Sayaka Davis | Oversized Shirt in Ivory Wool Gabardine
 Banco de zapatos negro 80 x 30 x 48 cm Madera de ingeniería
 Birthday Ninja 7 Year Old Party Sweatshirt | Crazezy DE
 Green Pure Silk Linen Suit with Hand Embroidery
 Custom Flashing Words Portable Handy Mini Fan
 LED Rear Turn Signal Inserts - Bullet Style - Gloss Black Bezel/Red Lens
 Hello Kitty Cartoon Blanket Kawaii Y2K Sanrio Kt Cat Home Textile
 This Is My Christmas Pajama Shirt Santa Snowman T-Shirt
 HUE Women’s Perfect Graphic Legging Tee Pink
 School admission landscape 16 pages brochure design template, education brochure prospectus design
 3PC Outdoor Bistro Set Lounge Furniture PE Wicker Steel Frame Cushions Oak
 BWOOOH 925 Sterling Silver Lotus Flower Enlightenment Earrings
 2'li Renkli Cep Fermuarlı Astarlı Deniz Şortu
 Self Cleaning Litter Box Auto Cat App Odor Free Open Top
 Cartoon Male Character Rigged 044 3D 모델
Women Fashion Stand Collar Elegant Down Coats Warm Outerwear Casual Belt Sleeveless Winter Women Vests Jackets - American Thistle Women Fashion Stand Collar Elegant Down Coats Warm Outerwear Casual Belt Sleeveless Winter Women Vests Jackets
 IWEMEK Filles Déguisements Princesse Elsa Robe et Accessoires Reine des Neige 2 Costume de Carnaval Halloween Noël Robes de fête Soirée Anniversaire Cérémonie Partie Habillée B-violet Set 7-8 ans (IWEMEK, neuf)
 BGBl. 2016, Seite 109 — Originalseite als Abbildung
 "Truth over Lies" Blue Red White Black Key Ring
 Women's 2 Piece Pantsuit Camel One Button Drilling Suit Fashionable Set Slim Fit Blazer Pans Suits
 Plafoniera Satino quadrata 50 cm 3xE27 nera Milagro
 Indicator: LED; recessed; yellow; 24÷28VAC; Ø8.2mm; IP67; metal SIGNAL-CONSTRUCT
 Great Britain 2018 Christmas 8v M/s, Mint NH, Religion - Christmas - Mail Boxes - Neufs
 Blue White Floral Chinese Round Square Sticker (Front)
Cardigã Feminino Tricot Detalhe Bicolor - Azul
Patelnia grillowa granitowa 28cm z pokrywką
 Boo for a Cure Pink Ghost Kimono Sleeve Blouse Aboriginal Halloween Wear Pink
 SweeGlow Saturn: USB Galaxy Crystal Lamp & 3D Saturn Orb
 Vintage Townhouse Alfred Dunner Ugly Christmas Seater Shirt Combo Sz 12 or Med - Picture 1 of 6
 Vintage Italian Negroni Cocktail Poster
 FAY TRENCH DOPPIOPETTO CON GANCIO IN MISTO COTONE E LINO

☆ ☆ ☆

To do: Set out exactly the lines from the one bearing "Jackets - American" through the end of the data, including both ends and omitting all others.

Written solution:
Women Fashion Stand Collar Elegant Down Coats Warm Outerwear Casual Belt Sleeveless Winter Women Vests Jackets - American Thistle Women Fashion Stand Collar Elegant Down Coats Warm Outerwear Casual Belt Sleeveless Winter Women Vests Jackets
 IWEMEK Filles Déguisements Princesse Elsa Robe et Accessoires Reine des Neige 2 Costume de Carnaval Halloween Noël Robes de fête Soirée Anniversaire Cérémonie Partie Habillée B-violet Set 7-8 ans (IWEMEK, neuf)
 BGBl. 2016, Seite 109 — Originalseite als Abbildung
 "Truth over Lies" Blue Red White Black Key Ring
 Women's 2 Piece Pantsuit Camel One Button Drilling Suit Fashionable Set Slim Fit Blazer Pans Suits
 Plafoniera Satino quadrata 50 cm 3xE27 nera Milagro
 Indicator: LED; recessed; yellow; 24÷28VAC; Ø8.2mm; IP67; metal SIGNAL-CONSTRUCT
 Great Britain 2018 Christmas 8v M/s, Mint NH, Religion - Christmas - Mail Boxes - Neufs
 Blue White Floral Chinese Round Square Sticker (Front)
Cardigã Feminino Tricot Detalhe Bicolor - Azul
Patelnia grillowa granitowa 28cm z pokrywką
 Boo for a Cure Pink Ghost Kimono Sleeve Blouse Aboriginal Halloween Wear Pink
 SweeGlow Saturn: USB Galaxy Crystal Lamp & 3D Saturn Orb
 Vintage Townhouse Alfred Dunner Ugly Christmas Seater Shirt Combo Sz 12 or Med - Picture 1 of 6
 Vintage Italian Negroni Cocktail Poster
 FAY TRENCH DOPPIOPETTO CON GANCIO IN MISTO COTONE E LINO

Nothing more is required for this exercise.